I often have this lingering feeling recently. The reason is that I broke up with my boyfriend of three years a year ago. The reason for the breakup was that the long-distance relationship at the time made me feel insecure. , so we broke up impulsively. I regretted it soon after, but I felt that I shouldn’t disturb other people’s lives, so we became just ordinary friends. But I will always think of him and be reminded of many beautiful memories of being with him.
We were together in high school. At that time, he would take me to and from school every day and put me on the bars of a mountain bike. I would sometimes watch him play basketball, which he particularly liked. He always played well on things and was very popular with the little girls. At that time, we also went to the library to study together. Although we would always get distracted and chat with him, we still taught each other more. time, the love at that time was really pure and beautiful.
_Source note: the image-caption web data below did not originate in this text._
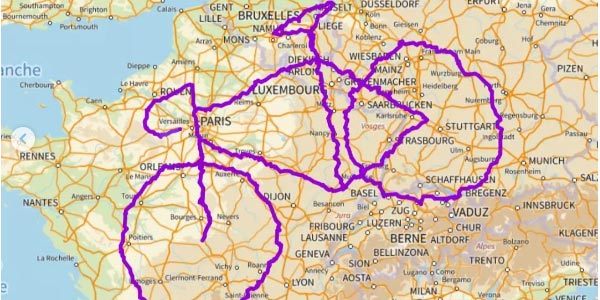 GPS Drawing velo Europe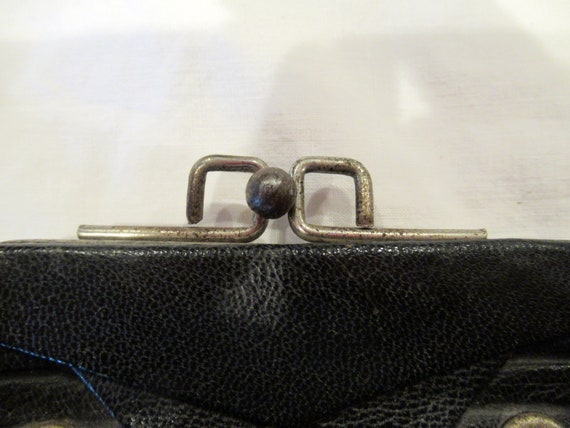 1920s black leather wallet purse pocketbook, flap… - image 6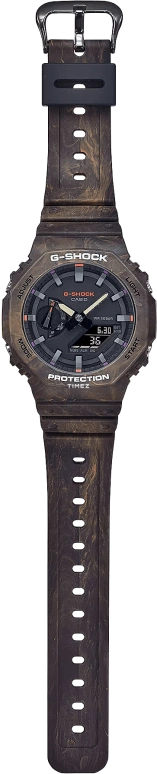 卡西欧,G-SHOCK 48.50x45.40毫米,48.50x45.40毫米,碳纤维,合成树脂,黑色,石英,倒计时,计时,月历,星期历,矿物水晶,八角形,GA2100FR,GA2100FR-5A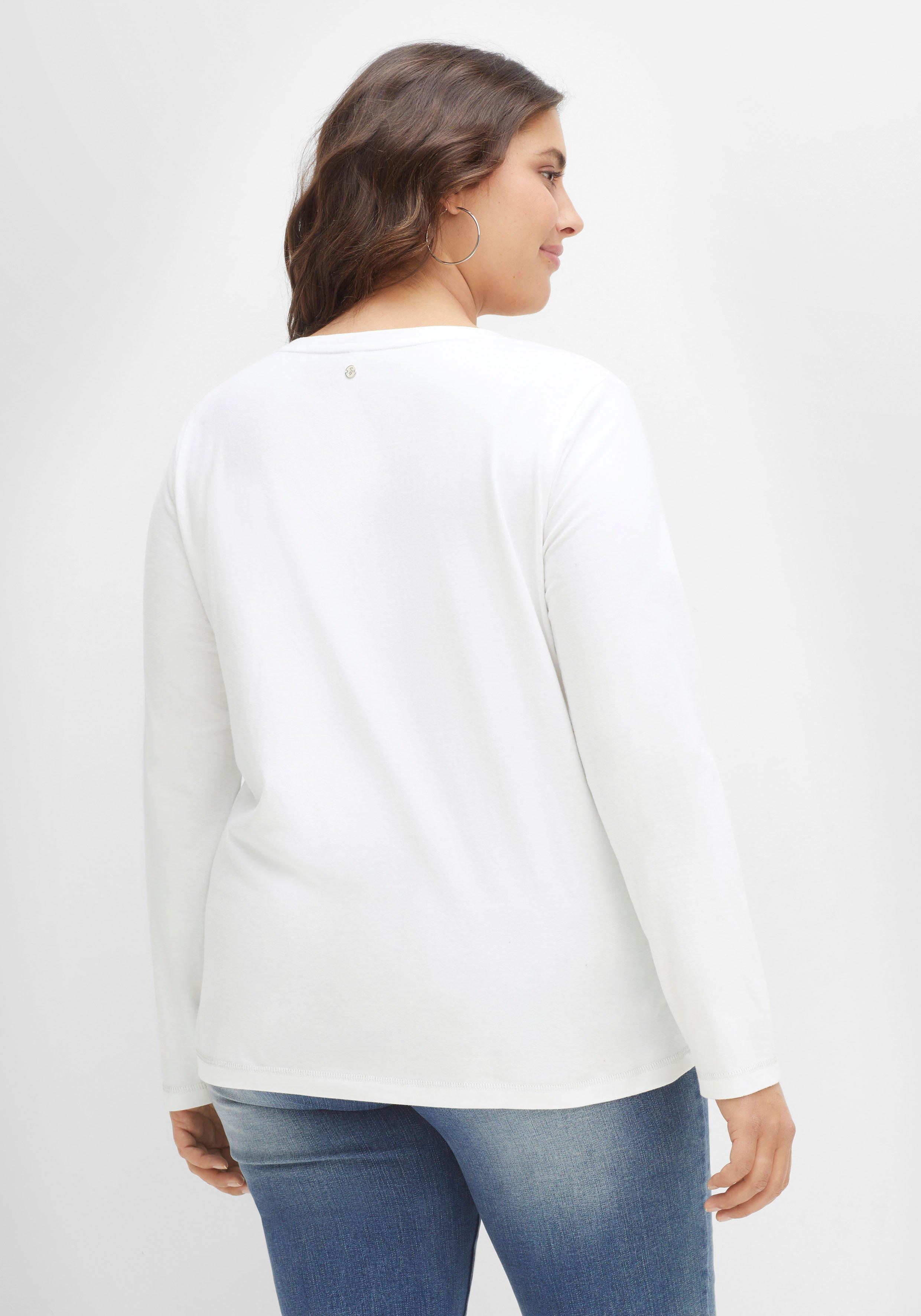 Langarmshirt mit Frontdruck im College-Stil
Now we are both in college, of course, in different schools. I haven’t seen him for a long time, but I can always think of him in various places, even though we haven’t been together. place, but there are still many very similar things that remind me of him. During this time, the school was holding a basketball game. Two days ago, a few tall and thin boys wearing jerseys happened to walk in front of me, holding basketballs and talking and laughing. I suddenly thought of him and felt that this scene It feels so familiar, as if he was walking in front of me, and then I would wonder how he is doing now, and whether he is still the leader of the basketball team in that new school. There are probably many similar things. I always think of him in this school where he has never appeared. Suddenly I fall into memories, and I always feel that some boys in the classroom speak very much like him.